Even though Joseph didn’t pursue basketball like the handful of his hometown counterparts he watched that day did, the six-foot-three, 265-pound defensive lineman did take the lessons he learned from them to the gridiron.

After transferring to North Carolina State following the 2019 season, the Brampton, Ont. native has seemed to find his groove on his new team, already surpassing his sack total (2.5) and tackle total (5.5) in the three seasons he played at Penn State. So far this campaign, Joseph has tallied 6.5 sacks to go along with 37 total tackles.

Just like his brother, Winnipeg Blue Bombers 2017 draft pick Faith Ekakitie, and cousin, BC Lions 2015 draft pick Ese Mrabure-Ajufo, Joseph had hopes of playing basketball professionally. It wasn’t until his junior year of high school that he really started to take football seriously and decided that it would be the path he’d go down.

As a junior, he caught 26 passes for 498 yards and eight majors as a tight end. Then as a senior, he tallied 72 tackles, 2.0 sacks, 25 tackles for loss and two interceptions as a defensive lineman while also suiting up on offence, hauling in 10 receiving touchdowns as a tight end.

“I know for my brother it (transition to football) was more evident because he was a lot bigger and just built like a football player,” said Joseph. “For me, it definitely was a less evident transition.”

Despite it not being as obvious of a transition, it’s worked out marvellously for Joseph.

After high school, Joseph would go on to play three seasons as a member of Nittany Lions. Following the 2019 season, he decided he got everything he needed out of his experience at the school and transferred to NC State, which evidently was one of the schools that had recruited him in the first place, and was with his new team by the end of February 2020.

“I just knew very well that NC State was a place that had already had very good history in terms of defensive players in particular,” said Joseph when asked why he chose his new school.

“I wasn’t totally unaware of who NC State was, they also recruited me out of high school,” he continued. “I was familiar with them.”

As he learned from the now-NBA players he watched many years ago, he’s continued to keep working and keep pushing as his football journey continues.
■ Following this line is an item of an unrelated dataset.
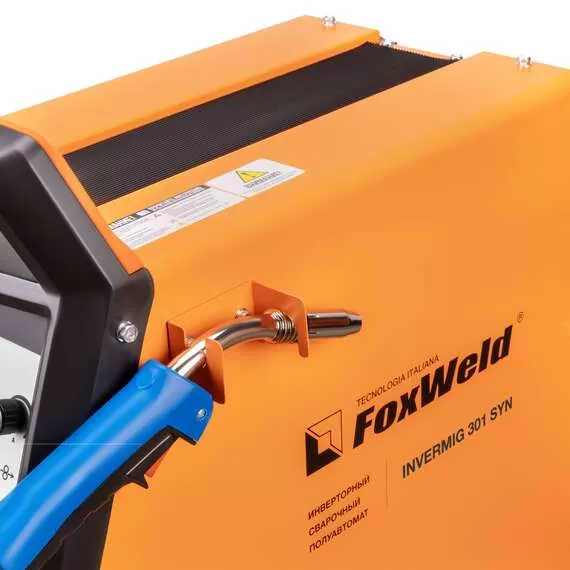 FoxWeld INVERMIG 301 SYN Сварочный полуавтомат в Ульяновске, Напряжение: 380 В, Максимальный ток сварки/резки: 300 А купить по выгодной цене 100kwatt.ru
Joseph is taking those lessons and says he’s staying present and not worrying too much about where he ends up playing after his collegiate career.

“I don’t want to get ahead of myself,” he said when asked about where he’d like to play professionally. “I want to make sure I stay in the moment and stay where I am presently and make sure I capitalize and maximize everything that I need to get to that point.

“I think if I get too carried away thinking about the end goal, people tend to forget the steps needed to get to that end goal.”